His knowledge is extraordinary. His brain power is legendary. His skills are unique. His history is slightly mysterious. Apart from his brother and some distant relative of a French painter, we know very little about his family life. There have been many incarnations of Holmes over the years, some brilliant, some good, some not so good and some downright mystifying in the choice of actor playing him.
The stories are engaging, enthralling and entertaining, with endings that can be surprising. Holmes encounters every aspect of humanity and society, from the lowest to the highest and everyone in between, be they prince, pauper, conman, King, Queen or improvised performer. Speaking of improvised performers…
Since I first saw The Adventures of the Improvised Sherlock Holmes some years ago at the Edinburgh Festival Fringe, I have enjoyed every show I have attended. The great thing about every show is that every show is different. Obviously. There’s a lot of improvising.
The performance usually opens with a sparse stage setting, a couple of chairs, a coat-stand and a carpet. This can represent a private club, a train carriage, a library, etc.
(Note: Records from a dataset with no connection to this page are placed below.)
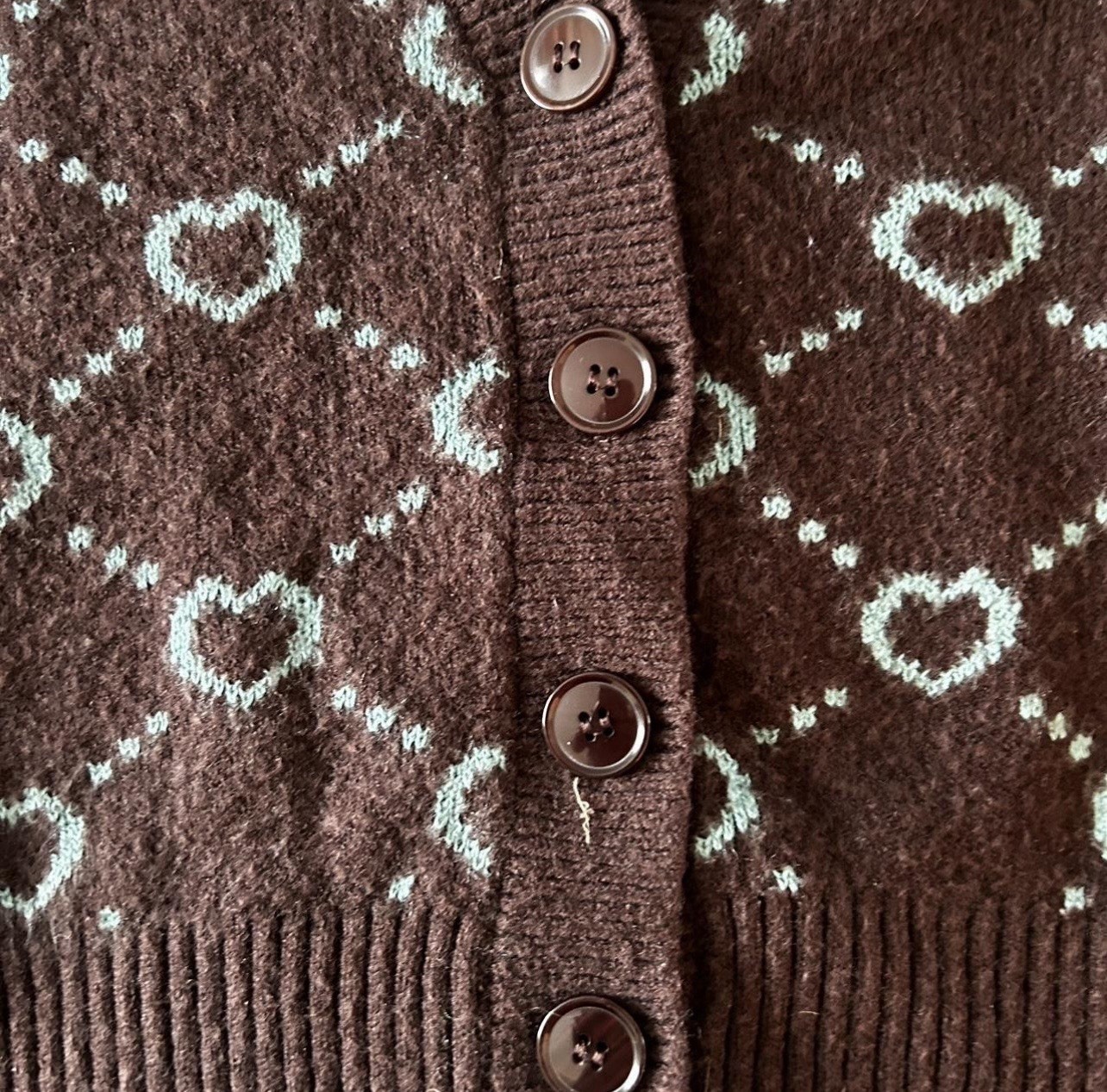 Witty Fox Brown Heart Pattern Button Cardigan Swe… - image 3
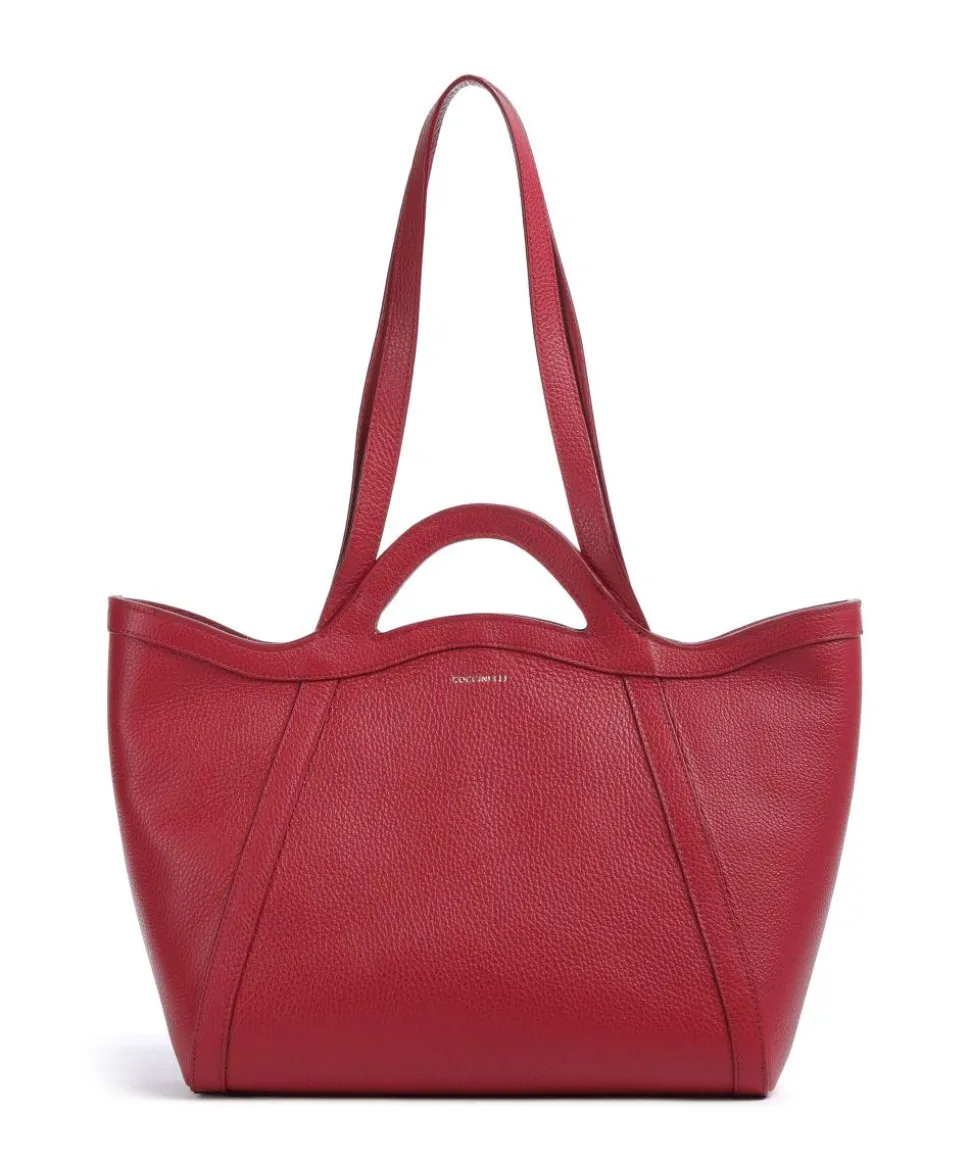 Amalia Shopper genarbtes Leder rot
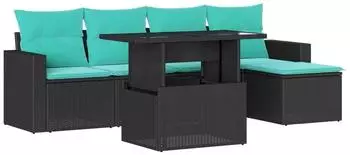 vidaXL Gartensofa-Set 6-teilig mit Kissen, schwarzes Polyrattan (3267237)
On the larger of the chairs, apparently asleep is a figure wrapped up in heavy clothing. Another figure enters the scene. A conversation begins as the visitor recognises Dr Watson and the mention of previous adventures arises. These previous adventures are selected from a container, hat, bucket or other receptacle and are some of the suggestions made by the audience before the show begins. At a certain point the final title is chosen and “the game’s afoot” …
The concept is simple, the cast (which varies anywhere between two and four) take the adventure title, they then incorporate the title into the show with some interesting, funny, unpredictable and downright bizarre results. The hour passes by very quickly. Well, they do say time flies when you’re having fun. So, what happens during the show? A lot of improvisation. Often the cast seem surprised by what their fellow cast members are saying and doing. They are having fun, and as a result so are we. I can say from the last performance I saw; I now know more about the differences in technique of the French, German and Italian window licker, (don’t ask) and some aspects of the Franco-Prussian War. Of course, you may learn something different.
Please go along and see these highly entertaining performers and this highly entraining show. It really is a lot of fun. I must go now as Mrs Hudson has made me some tea and toast for breakfast, and I would hate for it to get cold.